Recorded information:
.....

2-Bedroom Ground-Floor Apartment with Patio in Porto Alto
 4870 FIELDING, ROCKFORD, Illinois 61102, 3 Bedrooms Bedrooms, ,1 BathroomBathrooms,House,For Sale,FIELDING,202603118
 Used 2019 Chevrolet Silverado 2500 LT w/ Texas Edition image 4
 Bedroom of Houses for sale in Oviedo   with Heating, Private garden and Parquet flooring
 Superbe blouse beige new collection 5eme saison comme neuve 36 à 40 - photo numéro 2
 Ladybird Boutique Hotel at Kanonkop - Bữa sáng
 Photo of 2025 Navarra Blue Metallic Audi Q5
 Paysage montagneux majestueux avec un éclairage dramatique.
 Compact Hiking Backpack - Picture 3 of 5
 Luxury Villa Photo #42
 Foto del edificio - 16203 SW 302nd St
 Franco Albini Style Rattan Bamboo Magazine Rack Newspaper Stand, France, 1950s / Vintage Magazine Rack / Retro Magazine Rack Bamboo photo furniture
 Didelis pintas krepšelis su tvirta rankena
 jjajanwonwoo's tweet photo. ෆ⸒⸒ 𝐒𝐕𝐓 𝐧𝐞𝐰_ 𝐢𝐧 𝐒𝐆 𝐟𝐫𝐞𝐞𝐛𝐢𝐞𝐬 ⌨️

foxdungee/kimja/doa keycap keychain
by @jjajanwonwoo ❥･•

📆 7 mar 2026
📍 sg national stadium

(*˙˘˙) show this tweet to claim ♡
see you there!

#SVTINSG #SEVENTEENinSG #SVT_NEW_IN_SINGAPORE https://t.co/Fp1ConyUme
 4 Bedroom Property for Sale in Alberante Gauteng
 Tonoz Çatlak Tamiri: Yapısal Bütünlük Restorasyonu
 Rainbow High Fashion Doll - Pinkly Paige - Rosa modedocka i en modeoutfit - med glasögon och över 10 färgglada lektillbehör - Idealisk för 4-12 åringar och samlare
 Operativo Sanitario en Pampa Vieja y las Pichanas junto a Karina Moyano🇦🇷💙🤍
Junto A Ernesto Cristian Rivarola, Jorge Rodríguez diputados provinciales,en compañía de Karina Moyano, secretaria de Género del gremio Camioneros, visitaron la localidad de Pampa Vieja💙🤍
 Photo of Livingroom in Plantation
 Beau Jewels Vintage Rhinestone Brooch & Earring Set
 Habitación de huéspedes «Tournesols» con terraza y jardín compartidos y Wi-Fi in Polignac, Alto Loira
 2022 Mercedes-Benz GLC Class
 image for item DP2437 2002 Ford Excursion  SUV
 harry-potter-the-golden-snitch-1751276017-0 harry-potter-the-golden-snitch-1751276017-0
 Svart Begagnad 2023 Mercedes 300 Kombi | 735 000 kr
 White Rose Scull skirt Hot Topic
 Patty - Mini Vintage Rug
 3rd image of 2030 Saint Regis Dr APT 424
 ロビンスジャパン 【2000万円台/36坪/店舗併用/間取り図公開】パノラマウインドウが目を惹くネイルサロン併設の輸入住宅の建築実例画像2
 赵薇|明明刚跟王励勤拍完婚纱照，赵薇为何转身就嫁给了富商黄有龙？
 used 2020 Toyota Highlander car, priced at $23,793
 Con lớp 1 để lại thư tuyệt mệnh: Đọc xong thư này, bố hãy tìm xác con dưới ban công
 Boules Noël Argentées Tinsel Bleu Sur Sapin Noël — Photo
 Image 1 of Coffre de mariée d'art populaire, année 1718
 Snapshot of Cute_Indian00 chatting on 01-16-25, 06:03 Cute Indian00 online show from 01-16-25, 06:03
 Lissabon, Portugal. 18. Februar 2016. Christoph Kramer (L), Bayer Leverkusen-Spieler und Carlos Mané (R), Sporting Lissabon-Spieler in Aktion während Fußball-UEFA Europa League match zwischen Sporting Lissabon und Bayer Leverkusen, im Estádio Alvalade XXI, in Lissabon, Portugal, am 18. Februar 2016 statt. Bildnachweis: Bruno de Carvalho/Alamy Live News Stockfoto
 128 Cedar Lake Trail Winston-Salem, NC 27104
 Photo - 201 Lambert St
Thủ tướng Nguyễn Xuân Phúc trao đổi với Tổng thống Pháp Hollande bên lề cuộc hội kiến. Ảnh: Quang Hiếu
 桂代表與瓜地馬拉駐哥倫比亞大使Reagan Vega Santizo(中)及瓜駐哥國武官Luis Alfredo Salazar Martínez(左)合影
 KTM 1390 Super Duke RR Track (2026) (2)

.....

Directions: In the listing above, reproduce the first line and each one after it through the line that contains "#SVTINSG #SEVENTEENinSG #SVT_NEW_IN_SINGAPORE".

Answer area:
2-Bedroom Ground-Floor Apartment with Patio in Porto Alto
 4870 FIELDING, ROCKFORD, Illinois 61102, 3 Bedrooms Bedrooms, ,1 BathroomBathrooms,House,For Sale,FIELDING,202603118
 Used 2019 Chevrolet Silverado 2500 LT w/ Texas Edition image 4
 Bedroom of Houses for sale in Oviedo   with Heating, Private garden and Parquet flooring
 Superbe blouse beige new collection 5eme saison comme neuve 36 à 40 - photo numéro 2
 Ladybird Boutique Hotel at Kanonkop - Bữa sáng
 Photo of 2025 Navarra Blue Metallic Audi Q5
 Paysage montagneux majestueux avec un éclairage dramatique.
 Compact Hiking Backpack - Picture 3 of 5
 Luxury Villa Photo #42
 Foto del edificio - 16203 SW 302nd St
 Franco Albini Style Rattan Bamboo Magazine Rack Newspaper Stand, France, 1950s / Vintage Magazine Rack / Retro Magazine Rack Bamboo photo furniture
 Didelis pintas krepšelis su tvirta rankena
 jjajanwonwoo's tweet photo. ෆ⸒⸒ 𝐒𝐕𝐓 𝐧𝐞𝐰_ 𝐢𝐧 𝐒𝐆 𝐟𝐫𝐞𝐞𝐛𝐢𝐞𝐬 ⌨️

foxdungee/kimja/doa keycap keychain
by @jjajanwonwoo ❥･•

📆 7 mar 2026
📍 sg national stadium

(*˙˘˙) show this tweet to claim ♡
see you there!

#SVTINSG #SEVENTEENinSG #SVT_NEW_IN_SINGAPORE https://t.co/Fp1ConyUme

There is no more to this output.